Uccise il cane e la giustizia ha fatto il suo corso. Un uomo è stato infatti condannato a due anni di carcere. Non sappiamo se con l’indulto le porte della detenzione si apriranno davvero, ma è importante che una condanna sia stata raggiunta.

Rigettato il ricorso alla condanna in cassazione

Entrando nello specifico possiamo dire che l’uomo che uccise il cane nel 2020 a Gioiosa Marina, in provincia di Reggio Calabria, è stato condannato definitivamente a due anni e sei mesi di reclusione. E non solo: al risarcimento del danno a favore delle parti costituitesi come civili e al pagamento di un ammenda pecuniaria di 7.333 euro. È stata l’Organizzazione internazionale protezione animali (Oipa) a diffondere la notizia, costituitasi parte civile insieme alla proprietaria del cane, Lillo, nel processo.

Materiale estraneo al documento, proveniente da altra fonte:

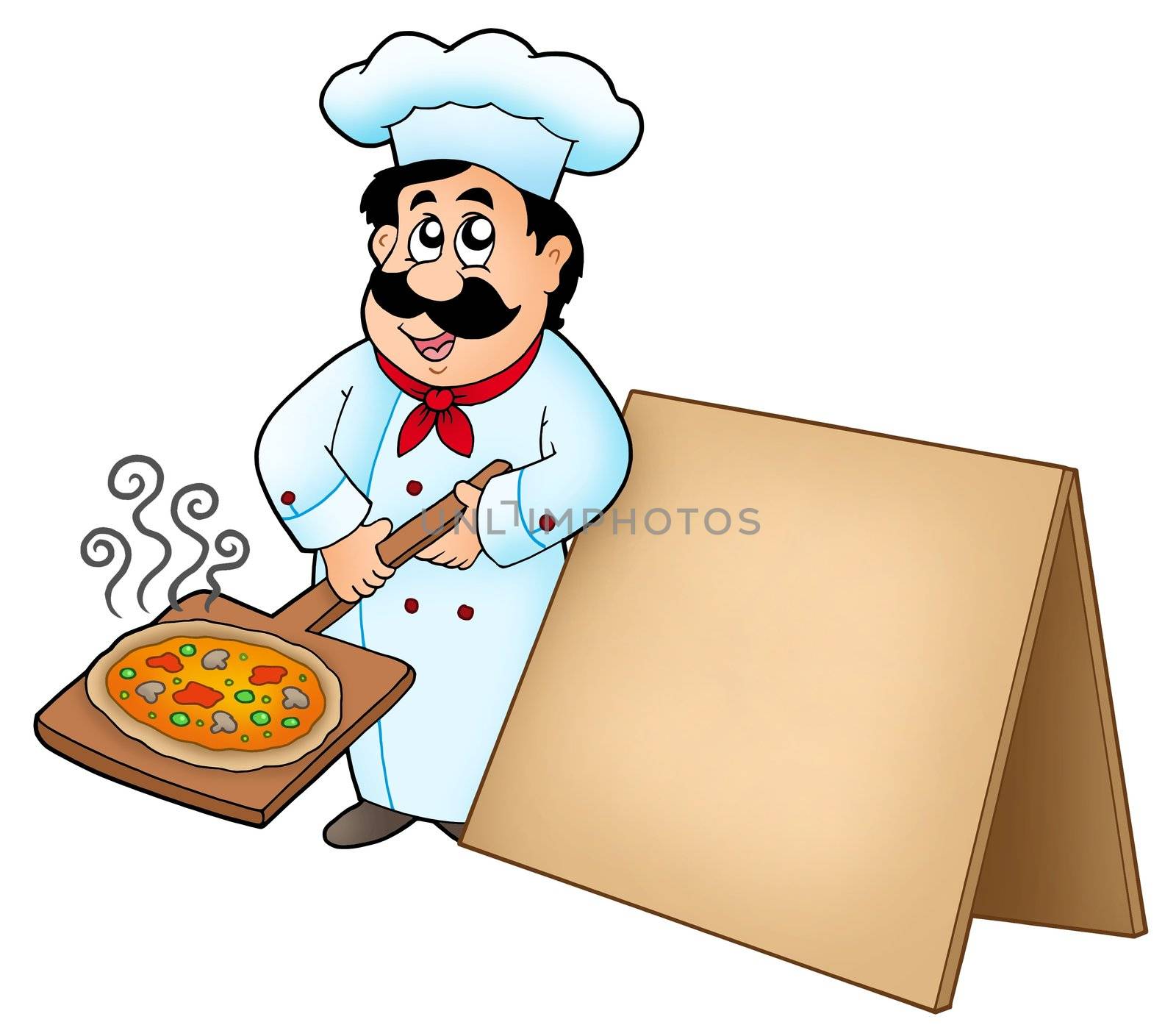 Chef with pizza plate and board by clairev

La condanna definitiva è arrivata dopo che la Corte di Cassazione ha respinto il ricorso dell’accusato contro la sentenza ottenuta in primo grado presso il Tribunale di Lodi. Sentenza che era stata poi confermata anche dalla Corte d’Appello di Reggio Calabria. Per l’uomo che uccise il cane due i capi d’imputazione: detenzione illegale di arma e uccisione di animali. Forse non tutti sanno che ammazzare un animale è un reato punito in base all’articolo 544bis del Codice Penale.

Uccise il cane crivellandolo di colpi

Lillo è stato ucciso nel marzo del 2020. Si trattava di un cane docile che era abituato a uscire da solo nel piccolo paese di Gioiosa Marina senza dare fastidio a nessuno. Era così amato dai vicini che la proprietaria, non vedendolo tornare a casa la sera, inizialmente non si era preoccupata. Non di rado veniva ospitato dalle famiglie del posto.

In realtà il cane quel giorno era stato ucciso e buttato in un burrone dall’imputato. Fu proprio ai piedi del dirupo dove era stato gettato che lo ritrovò la padrona dopo diverse ricerche, con le zampe legate e crivellato di colpi. “Sono pene troppo lievi quelle per i delitti contro gli animali, lo ripetiamo da tempo“, ha sottolineato a proposito del caso il presidente dell’Oipa, Massimo Comparotto. L’uomo ha inoltre sottolineato come occorra “una tutela più incisiva per gli animali, che ancora non ricevono una copertura legislativa diretta non essendo loro riconosciuta soggettività giuridica“. L’auspicio, ha continuato, è quello che si possa raggiungere un inasprimento delle pene legato a questi reati. Sia per tutelare gli animali sia perché sono diversi gli studi che hanno mostrato come vi sia correlazione tra questi atti sugli animali e la pericolosità sociale di chi ne è protagonista.